To many the name of the lost underground ancient city of Akakor and the mysterious tribe Ugha Mongulala that once thieved in the region seems familiar; this is precisely because Hollywood had created the last Indiana Jones based on the story surrounding the claims of Akakor.
Ever since the name of the underground city surfaced in the academic circles, it has been shrouded with mystery and wide suspicions. The reason being no historic accounts of any sorts available to support the claim of its existence, and no mythological writings from the era and regions mention anything even remotely associated with the city or its supposed inhabitants.
The question then comes; why on earth people have believed in it, and how the hell it ended up in an Indiana Jones movie?
Well, the answer to this question is rather simple but also unfortunate, the search for the city cost archaeologists their lives who were only there to separate the fact from the fiction.
The whole affair starts with one man and one man alone; his name was Tatunca Nara who first mentioned the name of the ‘lost city’ and its tribe Ugha Mongulala. He also claimed that he belongs to the same tribes, much like other Native Americans who have descended from ancient tribes; and that he possesses exclusive and profound knowledge that once took the tribe to the heights of civilization and spirituality.

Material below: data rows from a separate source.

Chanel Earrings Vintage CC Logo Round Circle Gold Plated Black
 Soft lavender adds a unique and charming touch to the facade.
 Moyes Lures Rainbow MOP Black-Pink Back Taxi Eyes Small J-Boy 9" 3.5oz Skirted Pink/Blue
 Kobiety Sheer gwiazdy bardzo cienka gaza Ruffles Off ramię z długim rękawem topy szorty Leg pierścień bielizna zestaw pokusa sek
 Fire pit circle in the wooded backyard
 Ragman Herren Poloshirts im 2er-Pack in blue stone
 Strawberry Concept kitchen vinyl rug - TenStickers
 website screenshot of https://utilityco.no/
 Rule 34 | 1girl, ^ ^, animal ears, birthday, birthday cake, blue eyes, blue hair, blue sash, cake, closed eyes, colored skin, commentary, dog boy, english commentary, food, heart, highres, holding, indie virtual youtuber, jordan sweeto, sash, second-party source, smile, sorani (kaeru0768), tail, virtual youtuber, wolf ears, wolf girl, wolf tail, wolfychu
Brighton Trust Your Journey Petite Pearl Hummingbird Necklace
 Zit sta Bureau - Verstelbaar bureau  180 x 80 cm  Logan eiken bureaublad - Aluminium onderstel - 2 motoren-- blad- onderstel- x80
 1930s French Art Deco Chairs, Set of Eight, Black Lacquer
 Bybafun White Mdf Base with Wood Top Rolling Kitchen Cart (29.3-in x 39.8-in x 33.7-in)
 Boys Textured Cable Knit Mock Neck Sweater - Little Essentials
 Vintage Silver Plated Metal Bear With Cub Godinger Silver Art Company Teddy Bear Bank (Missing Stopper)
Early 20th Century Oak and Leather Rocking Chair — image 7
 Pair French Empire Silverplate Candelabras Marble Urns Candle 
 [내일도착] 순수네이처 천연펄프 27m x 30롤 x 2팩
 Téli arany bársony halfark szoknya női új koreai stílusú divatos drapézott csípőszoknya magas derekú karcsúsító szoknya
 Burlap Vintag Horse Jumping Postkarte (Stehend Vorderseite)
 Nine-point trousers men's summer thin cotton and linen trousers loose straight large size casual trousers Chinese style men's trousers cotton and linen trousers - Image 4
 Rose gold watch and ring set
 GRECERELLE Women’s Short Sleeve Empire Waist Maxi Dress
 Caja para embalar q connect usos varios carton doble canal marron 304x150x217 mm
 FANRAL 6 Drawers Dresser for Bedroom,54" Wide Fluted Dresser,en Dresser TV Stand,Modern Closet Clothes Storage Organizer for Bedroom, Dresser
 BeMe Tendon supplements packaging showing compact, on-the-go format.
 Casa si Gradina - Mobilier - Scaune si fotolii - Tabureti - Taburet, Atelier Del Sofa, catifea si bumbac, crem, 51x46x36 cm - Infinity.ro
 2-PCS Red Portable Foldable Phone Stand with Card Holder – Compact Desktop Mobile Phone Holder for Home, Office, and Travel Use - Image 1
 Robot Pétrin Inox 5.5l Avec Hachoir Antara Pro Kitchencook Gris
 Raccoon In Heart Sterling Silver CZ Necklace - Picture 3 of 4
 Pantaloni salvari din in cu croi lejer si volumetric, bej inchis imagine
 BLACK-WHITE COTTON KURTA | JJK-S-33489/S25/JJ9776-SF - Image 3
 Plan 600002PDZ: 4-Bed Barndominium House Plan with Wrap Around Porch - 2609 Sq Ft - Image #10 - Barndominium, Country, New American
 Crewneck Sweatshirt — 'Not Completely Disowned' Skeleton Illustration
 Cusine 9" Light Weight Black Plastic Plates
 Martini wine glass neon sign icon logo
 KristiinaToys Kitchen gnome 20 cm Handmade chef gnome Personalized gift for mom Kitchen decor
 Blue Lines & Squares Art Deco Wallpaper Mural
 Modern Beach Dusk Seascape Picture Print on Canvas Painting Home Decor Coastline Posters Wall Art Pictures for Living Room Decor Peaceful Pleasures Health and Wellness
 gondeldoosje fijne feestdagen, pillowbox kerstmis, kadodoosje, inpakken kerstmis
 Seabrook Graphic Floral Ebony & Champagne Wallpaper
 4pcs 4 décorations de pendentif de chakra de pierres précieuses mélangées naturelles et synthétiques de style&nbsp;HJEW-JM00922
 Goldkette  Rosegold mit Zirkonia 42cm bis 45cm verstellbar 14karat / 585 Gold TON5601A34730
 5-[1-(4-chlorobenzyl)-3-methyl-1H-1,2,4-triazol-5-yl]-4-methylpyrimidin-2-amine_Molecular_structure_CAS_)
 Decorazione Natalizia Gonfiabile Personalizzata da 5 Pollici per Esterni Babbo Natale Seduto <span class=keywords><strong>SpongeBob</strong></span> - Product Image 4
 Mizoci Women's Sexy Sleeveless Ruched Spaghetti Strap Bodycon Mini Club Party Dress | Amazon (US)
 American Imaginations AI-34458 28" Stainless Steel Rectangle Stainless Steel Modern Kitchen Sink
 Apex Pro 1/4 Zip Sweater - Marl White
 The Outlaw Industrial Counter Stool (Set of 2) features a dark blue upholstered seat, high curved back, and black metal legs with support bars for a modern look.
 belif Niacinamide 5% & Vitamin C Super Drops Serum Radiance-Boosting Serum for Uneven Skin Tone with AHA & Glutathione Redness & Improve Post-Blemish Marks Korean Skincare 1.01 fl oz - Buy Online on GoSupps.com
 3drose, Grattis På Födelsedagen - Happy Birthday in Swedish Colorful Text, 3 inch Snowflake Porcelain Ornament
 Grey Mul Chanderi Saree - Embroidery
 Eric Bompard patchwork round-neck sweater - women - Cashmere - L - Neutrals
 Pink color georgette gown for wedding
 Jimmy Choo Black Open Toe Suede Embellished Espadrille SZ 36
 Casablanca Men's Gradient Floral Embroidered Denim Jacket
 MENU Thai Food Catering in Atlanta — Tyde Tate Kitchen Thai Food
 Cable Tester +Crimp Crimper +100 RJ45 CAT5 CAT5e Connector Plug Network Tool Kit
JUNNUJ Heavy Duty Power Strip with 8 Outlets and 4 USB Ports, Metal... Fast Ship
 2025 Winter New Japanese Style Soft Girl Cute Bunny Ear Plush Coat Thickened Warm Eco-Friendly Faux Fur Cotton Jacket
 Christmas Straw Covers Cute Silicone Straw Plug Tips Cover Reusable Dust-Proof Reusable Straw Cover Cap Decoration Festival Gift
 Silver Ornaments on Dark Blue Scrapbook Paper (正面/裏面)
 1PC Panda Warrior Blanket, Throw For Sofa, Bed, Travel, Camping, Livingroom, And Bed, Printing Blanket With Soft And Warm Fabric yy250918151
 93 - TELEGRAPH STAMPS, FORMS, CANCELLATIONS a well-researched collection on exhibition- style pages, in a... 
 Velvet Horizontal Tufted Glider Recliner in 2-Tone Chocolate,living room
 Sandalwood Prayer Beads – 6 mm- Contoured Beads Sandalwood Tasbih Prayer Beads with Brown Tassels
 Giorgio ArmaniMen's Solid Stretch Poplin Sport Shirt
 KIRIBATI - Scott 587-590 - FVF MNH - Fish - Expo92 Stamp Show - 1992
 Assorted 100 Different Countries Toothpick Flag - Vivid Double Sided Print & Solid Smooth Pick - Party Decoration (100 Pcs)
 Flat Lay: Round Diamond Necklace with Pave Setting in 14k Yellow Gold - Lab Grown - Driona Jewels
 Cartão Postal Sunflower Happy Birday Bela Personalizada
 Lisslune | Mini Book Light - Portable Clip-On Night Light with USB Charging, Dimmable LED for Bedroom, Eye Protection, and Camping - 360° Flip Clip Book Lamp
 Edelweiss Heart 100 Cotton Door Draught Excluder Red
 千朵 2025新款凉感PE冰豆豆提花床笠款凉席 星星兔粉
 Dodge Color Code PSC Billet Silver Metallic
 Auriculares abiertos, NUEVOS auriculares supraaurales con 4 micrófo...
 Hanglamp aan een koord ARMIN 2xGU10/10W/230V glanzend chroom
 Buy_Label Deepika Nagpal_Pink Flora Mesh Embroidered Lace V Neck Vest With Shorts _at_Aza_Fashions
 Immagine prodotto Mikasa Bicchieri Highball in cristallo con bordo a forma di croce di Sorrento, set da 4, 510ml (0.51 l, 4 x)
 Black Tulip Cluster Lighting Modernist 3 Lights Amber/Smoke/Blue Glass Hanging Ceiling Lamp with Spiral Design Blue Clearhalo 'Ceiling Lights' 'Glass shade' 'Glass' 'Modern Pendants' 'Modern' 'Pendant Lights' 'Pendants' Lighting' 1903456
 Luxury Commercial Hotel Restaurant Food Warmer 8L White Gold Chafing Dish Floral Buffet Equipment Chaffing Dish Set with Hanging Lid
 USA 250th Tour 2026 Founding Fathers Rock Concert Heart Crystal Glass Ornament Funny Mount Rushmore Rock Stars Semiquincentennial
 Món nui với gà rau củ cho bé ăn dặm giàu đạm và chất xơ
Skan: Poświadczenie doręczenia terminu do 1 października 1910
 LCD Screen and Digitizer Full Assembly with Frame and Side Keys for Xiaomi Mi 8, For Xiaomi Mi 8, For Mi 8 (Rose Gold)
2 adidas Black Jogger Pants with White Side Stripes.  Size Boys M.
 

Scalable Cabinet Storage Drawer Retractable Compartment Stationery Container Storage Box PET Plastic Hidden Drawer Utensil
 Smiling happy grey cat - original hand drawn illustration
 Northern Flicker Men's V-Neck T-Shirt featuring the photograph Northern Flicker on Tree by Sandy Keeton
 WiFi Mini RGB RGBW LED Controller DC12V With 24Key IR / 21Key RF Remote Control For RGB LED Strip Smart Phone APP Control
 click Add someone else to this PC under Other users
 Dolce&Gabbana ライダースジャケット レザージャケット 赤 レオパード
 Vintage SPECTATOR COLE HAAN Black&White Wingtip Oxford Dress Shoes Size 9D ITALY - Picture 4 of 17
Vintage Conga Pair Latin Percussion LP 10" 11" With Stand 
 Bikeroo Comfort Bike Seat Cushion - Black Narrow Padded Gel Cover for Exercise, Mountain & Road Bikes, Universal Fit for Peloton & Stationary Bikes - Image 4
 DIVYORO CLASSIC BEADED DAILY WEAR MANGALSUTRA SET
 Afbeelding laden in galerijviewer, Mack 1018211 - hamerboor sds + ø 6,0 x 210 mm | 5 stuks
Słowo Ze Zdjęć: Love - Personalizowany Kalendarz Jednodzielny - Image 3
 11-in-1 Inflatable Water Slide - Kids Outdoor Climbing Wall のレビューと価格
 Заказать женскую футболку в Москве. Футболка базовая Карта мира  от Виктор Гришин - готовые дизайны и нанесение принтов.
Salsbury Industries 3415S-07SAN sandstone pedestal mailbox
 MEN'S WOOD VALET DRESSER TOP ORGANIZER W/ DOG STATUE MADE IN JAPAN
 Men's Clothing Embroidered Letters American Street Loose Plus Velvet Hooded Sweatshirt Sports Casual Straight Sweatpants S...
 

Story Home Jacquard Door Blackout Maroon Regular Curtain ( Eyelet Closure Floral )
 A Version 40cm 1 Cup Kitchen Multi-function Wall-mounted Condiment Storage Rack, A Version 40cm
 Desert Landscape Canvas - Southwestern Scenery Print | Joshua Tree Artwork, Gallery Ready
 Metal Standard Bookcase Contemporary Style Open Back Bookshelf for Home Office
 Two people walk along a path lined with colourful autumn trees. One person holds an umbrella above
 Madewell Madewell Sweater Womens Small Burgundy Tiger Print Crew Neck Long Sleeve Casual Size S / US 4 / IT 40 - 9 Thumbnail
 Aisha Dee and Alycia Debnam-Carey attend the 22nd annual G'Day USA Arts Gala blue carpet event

Nara claimed that his knowledge not only spans over the rituals and community of Ugha Mongulala, he also knew the precise location of the lost city of Akakor.
His outrageous claims and apparent certainty forced few explorers and archaeologists to buy his narrative and make their way to the actual site in order to find out the truth about the claims. Starting in the 70s Nara took a number of archaeologists on the journey to find the lost city, three of whom perished. Nara denied any involvement in the murders of the archaeologists and maintained that he was not with them when they got lost and later got killed.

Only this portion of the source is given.